Canada: 2015 Federal Budget - Financial Services Highlights

Finance Minister Joe Oliver tabled his first budget on April 21, 2015 (Budget). Several proposals in the Budget will be of interest to financial services clients, including proposals for a consumer protection framework for banks, expanding the voluntary mortgage prepayment commitment to non-banks, a national financial literacy strategy, a bank recapitalization framework, regulation of retail payment networks and access to basic remittance services.

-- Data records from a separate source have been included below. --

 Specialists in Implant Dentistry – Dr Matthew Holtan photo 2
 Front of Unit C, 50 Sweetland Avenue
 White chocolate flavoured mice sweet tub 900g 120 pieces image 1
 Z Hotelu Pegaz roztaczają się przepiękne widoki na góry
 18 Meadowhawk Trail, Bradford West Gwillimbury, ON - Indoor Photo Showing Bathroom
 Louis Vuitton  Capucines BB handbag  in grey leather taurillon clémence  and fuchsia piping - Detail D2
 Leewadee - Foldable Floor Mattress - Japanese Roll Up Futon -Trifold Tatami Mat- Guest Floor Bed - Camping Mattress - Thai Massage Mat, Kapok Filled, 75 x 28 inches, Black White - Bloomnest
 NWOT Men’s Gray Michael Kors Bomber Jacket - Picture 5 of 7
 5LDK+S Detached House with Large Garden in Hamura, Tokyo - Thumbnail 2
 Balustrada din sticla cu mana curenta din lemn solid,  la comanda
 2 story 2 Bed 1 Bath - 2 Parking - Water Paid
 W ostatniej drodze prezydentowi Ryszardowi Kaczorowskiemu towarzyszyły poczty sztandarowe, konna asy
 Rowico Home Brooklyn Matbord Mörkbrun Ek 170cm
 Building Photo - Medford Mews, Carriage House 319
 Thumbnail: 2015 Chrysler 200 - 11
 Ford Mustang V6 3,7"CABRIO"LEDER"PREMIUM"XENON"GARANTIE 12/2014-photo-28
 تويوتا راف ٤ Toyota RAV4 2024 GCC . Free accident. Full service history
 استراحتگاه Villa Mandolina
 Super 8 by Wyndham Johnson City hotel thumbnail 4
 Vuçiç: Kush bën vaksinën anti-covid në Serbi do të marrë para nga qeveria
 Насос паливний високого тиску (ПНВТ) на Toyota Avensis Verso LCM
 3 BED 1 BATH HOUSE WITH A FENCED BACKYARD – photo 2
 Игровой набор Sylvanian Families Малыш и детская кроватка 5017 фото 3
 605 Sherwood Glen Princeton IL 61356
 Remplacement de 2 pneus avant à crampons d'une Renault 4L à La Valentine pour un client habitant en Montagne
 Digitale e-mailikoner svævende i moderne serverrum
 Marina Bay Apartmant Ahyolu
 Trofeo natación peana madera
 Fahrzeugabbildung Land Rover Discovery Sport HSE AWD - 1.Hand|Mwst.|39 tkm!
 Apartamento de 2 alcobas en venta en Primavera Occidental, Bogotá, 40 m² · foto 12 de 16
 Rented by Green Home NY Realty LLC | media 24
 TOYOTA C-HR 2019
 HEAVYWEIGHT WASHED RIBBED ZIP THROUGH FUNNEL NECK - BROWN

The government proposes a new financial consumer protection framework for banks that will provide:

  • Broadened general requirements for clear and simple disclosure of information, and expanded use of summary information boxes for banking products and services. There were no details on which additional products and services will require summary information boxes. Currently, information boxes are required for consumer loans and prepaid payment products, suggesting that information boxes may be required for optional products and services, deposit accounts, registered products and deposit-type instruments. Banks will be required to revise impacted documents and processes in order to comply with additional information box requirements. Aside from new summary information box requirements, there was no indication as to which additional general requirements for clear and simple disclosure may be required and how this will enhance the current requirements to provide disclosure that is clear, simple and not misleading.
  • Improved access to basic banking services by allowing a broader range of personal identification to open an account. This proposal is limited to basic banking services and we expect it will be aligned with existing identity verification requirements under anti-money laundering laws and anticipated changes to those requirements.
  • Expanded prohibitions on certain business practices, including high pressure sales situations, and cooling-off periods for a greater range of products. No guidance was provided as to which business practices would be prohibited. We note that there is currently a prohibition against tied selling that refers to imposing undue pressure or coercing a person. Presumably any new prohibitions would be outside of the tied selling context and would only apply where fees or other charges are payable. Regarding cooling-off periods, while the Budget did not specify which products would be affected, it included an example about savings accounts. Implementing and tracking cooling-off periods will add yet another layer of development and cost for banks.
  • Expanded corporate governance requirements so that boards of directors' duties relate to all consumer protection measures. This will close a perceived gap in the duties now prescribed under the Bank Act. Currently, the directors' specific duties relating to consumer protection are limited to (1) establishing procedures to provide required disclosures to bank customers and for complaints handling and (2) establishing procedures to resolve conflicts of interest, including techniques for the identification of potential conflict situations and restricting the use of confidential information, which is not limited to consumer-customers but does relate to the protection of personal information.
  • Improved transparency and accountability, for example through enhanced public reporting on complaints and on measures taken to address the challenges faced by vulnerable Canadians. Banks will be required to provide public reports on an annual basis demonstrating how their business activities meet the spirit of the consumer protection principles to be set out in the Bank Act.
  • A requirement that advertising be clear and accurate. It is not clear how this would enhance or supplement the existing prohibitions against false and misleading advertising set out in the Competition Act. Perhaps the goal is to extend the existing requirements that certain prescribed disclosures be made in a language and presented in a manner that is clear, simple and not misleading.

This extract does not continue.